Solaia ist ein Weinberg bei der Tenuta Tignanello von circa 20 Hektar in Südwest-Ausrichtung mit Quoten zwischen 350 m und 400 m. Die Böden sind felsig und kalkhaltig mit Alberese-Gestein und Galestro. Die Familie Antinori produzierte diesen Wein erstmals mit dem Jahrgang 1978. Die erste Cuvée setzte sich aus 80% Cabernet Sauvignon und 20% Cabernet Franc zusammen, und dabei blieb es auch im Jahrgang 1979. In den folgenden Jahrgängen wurde ein Anteil von 20% Sangiovese hinzugefügt und es wurden Korrekturen am Verhältnis von Cabernet Sauvignon und Cabernet Franc vorgenommen, bis man zur aktuellen Komposition fand. Solaia wird nur in sehr guten Jahrgängen erzeugt und wurde 1980, 1981, 1983, 1984 und 1992 nicht produziert.

Verkostungsnotizen

Intensiv rubinrote Farbe. Imposant an der Nase, ausdrucksvoll die Varietäten und intensive süße Duftnoten von roter Frucht und Gewürzen. Am Gaumen verleiht die lange kühle Saison dem Wein große Reife, lässt Fülle, Struktur und Geschmeidigkeit der Tannine hervortreten und bewahrt doch Eleganz und Ausgewogenheit.

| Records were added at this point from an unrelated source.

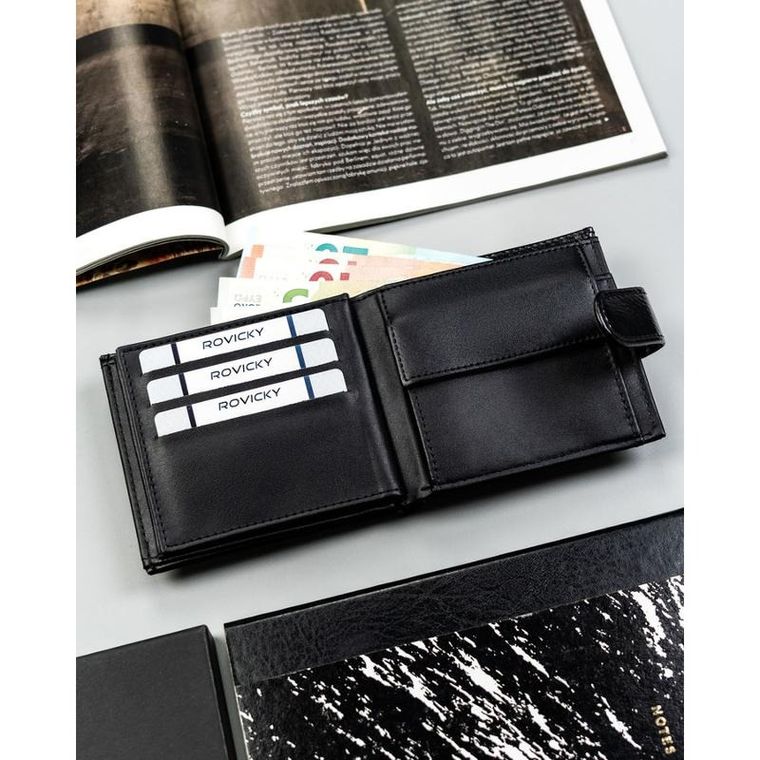 Portfel, czarny, skóra ekologiczna, 4U Cavaldi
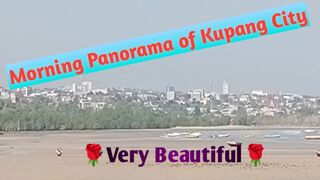 Panoramic view of Kupang city in the morning
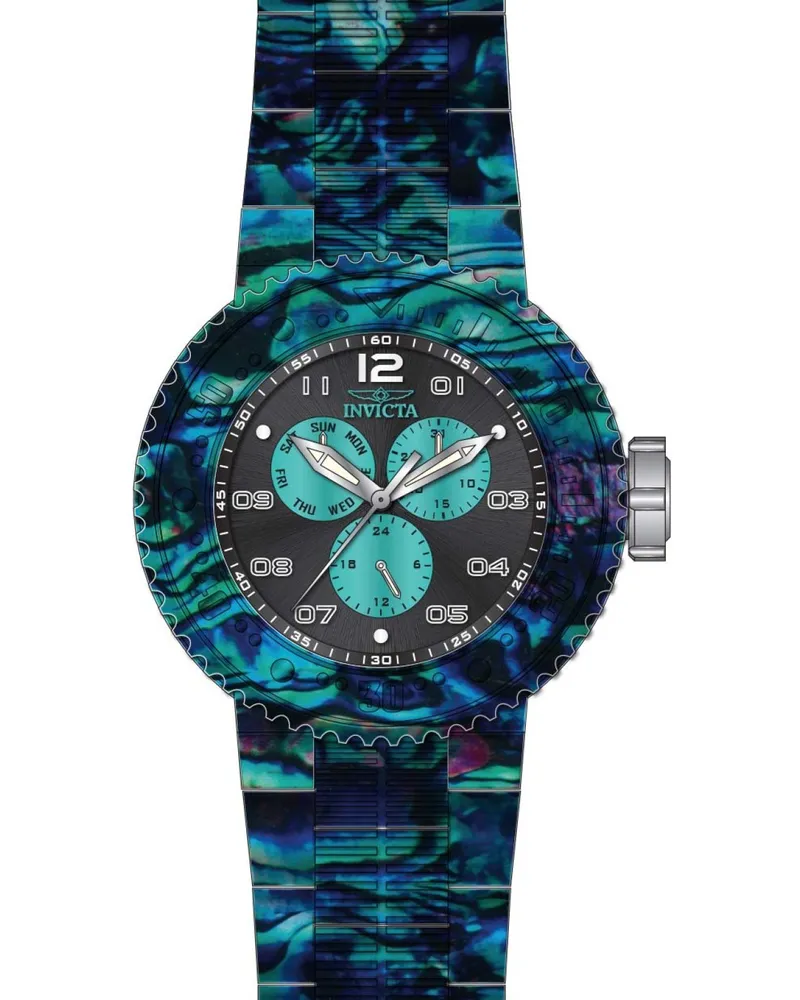 Invicta Pro Diver 50209 Herrenuhr - Quarzwerk - Edelstahl mit schwarzem Zifferblatt - 52 mm Blau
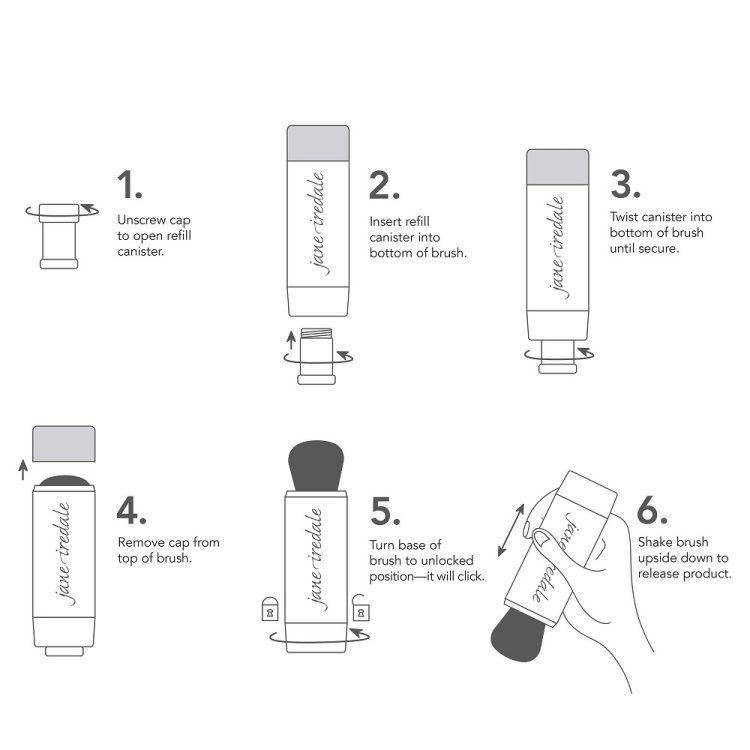 Na fotografii je vidět návod k použití štětce s sypkým pudrem Jane Iredale – Powder-Me SPF. Obrázek krok za krokem ilustruje, jak namontovat náplň s pudrem a připravit štětec k použití. Návod se skládá ze 6 kroků.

Sehr langes Finale, in dem die an der Nase wahrgenommen Gewürznoten wieder in Erinnerung gerufen werden.

Awards

Wine Advocate 97/100 2014 - U.S.A. James Suckling 98/100 2014 - U.S.A. 5 Grappoli Guida Bibenda 2014 2014 - Italia Super Tre Stelle Guida Oro I Vini di Veronelli 2014 2014 - Italia Score: 93/100 Wine Spectator 2014 - U.S.A. SCORE 97/100 Wine Enthusiast 2014 - U.S.A. SCORE 98 /100 ANTONIO GALLONI 2014 - U.S.A SCORE 95/100 Falstaff 2014 - AUSTRIA SCORE 93/100 Int Wine Cellar 2014 - U.S.A.

Klima

Herbst und Winter waren im Chianti Classico von ausgiebigen Regenfällen, niedrigen Temperaturen und periodischen Schneefällen gekennzeichnet, was eine zu einer sehr guten vegetativen Ruheperiode und einem späteren Austreiben führte. Der regelmäßige Regen in Verbindung mit Temperaturen unter dem jahreszeitlichen Durchschnitt hielt auch im Frühjahr an, so dass eine allgemeine Verzögerung im Wachstum und in der Entwicklung der Reben zu beobachten war. Der wirkliche Sommer begann erst im Juli, der mit hohen Temperaturen und absoluter Trockenheit für ein optimales Wiederaufholen in der vegetativen Entwicklung sorgte. Niedrigere Temperaturen in den letzten Julitagen und im August verlangsamten erneut die Reife und den Farbansatz und verlangten sorgfältige Arbeiten zur Traubenselektion, um die Produktion pro Pflanze zu beschränken und vor allem die Gesundheit des Rebguts zu sichern.